My sister’s health slipped again, and I, now a mother myself,
reached out to the young woman, my niece, and her child,
but she kept me at arm’s length – You are not my mother,
she’d say, and reluctantly let me in to her run-down rented
shack littered with over-sized dogs and burnt out men.

While her mother lay dying, she found a man willing,  loving,
and she returned to school, and finished her high school
and went on to gain further job worthy skills, and we all
breathed a sigh of relief and celebrated the future and
forgot – perhaps too quickly – her ravaged past;  believed.

I’ll look after her, my final words to my sister’s final breath;
a vow I could not keep.  My niece stopped answering my calls,
and by the time her man saviour threw up his arms, declared
he was done, my own house was burning, and I had no
ladder that would save us all, and so we lost one another.

When Children’s Aid found me, I was trying to rebuild,
mothering six teenagers – three of my own, three his –
she’d told them I’d help; take in her child, now adolescent,
and give her a good home.  This great-niece arrived,
underweight, malnourished, with big doe eyes
reminiscent of her mother’s and her mother before her.

The fragility of my family structure crumbled under the weight
of yet another, frequently abandoned, now distraught child,
and while our foundation shattered, she was swept up
by the capable arms of another mother, and adopted,
and my sister’s daughter – the one I let get away –

she lives on the streets, exchanges flesh for heroine.
has been rescued twice, but always returns, her sanity
tarnished, paranoia replacing common sense, she
exists between highs, no longer reaches out – she’s
robbed us of her trust – forever we are broken.

If I could do it again, would I bind her to me,
take her in my arms and not let go, until she understood
the truth of her existence, the neglect at the arms of her
mother – never emotionally stable – and the failure
of her aunt, ignorant and judgmental, a pretender?

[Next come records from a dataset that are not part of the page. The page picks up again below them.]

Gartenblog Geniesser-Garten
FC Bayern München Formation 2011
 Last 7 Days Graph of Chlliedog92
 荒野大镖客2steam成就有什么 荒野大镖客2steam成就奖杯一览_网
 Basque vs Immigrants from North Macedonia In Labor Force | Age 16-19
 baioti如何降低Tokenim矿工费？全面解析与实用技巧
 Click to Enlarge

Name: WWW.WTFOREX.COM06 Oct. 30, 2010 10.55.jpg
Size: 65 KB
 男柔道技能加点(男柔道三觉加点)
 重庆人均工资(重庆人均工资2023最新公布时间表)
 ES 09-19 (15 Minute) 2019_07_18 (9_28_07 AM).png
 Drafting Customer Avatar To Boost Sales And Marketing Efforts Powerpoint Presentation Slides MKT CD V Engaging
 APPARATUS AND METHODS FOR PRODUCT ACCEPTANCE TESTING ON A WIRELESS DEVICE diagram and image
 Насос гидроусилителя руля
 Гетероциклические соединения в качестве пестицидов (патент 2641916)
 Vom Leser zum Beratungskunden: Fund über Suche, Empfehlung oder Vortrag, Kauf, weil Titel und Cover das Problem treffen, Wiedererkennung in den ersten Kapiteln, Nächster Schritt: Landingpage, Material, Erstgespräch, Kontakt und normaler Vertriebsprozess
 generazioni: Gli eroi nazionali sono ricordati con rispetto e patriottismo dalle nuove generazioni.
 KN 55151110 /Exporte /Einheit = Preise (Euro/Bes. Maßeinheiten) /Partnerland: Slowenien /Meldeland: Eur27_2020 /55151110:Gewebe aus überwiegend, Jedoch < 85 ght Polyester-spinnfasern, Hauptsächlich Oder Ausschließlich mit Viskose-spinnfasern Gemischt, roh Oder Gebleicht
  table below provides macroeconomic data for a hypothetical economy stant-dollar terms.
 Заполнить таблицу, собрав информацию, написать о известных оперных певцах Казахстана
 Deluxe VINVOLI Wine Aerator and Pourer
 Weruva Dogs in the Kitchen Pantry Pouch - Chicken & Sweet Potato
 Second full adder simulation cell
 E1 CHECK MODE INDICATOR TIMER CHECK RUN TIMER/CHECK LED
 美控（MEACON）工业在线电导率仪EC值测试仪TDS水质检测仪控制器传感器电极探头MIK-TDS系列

Could I have saved her from herself, from temptation,
educated her about poor choices when it’s all she’d
ever known – all I’ve ever known – women as victims.
Our life was a carnival ride; we the side-show freaks,
captivated by the lights, drawn in by the crowds

and the smell of cotton candy – how we longed
for the sweetness of caramel, the taste of sugar
on our tongues to erase the bitter that lingered
from all the lies, deceptions that entombed us,
smothered good intentions, buried us alive.

There is no going back, rationality tells me
and yet the past thrives within, and I, sometimes
functional, oft times paralyzed, stumble through
the guilt wrought memories, crying with impotence
for a life lost at my own hands – an oath broken.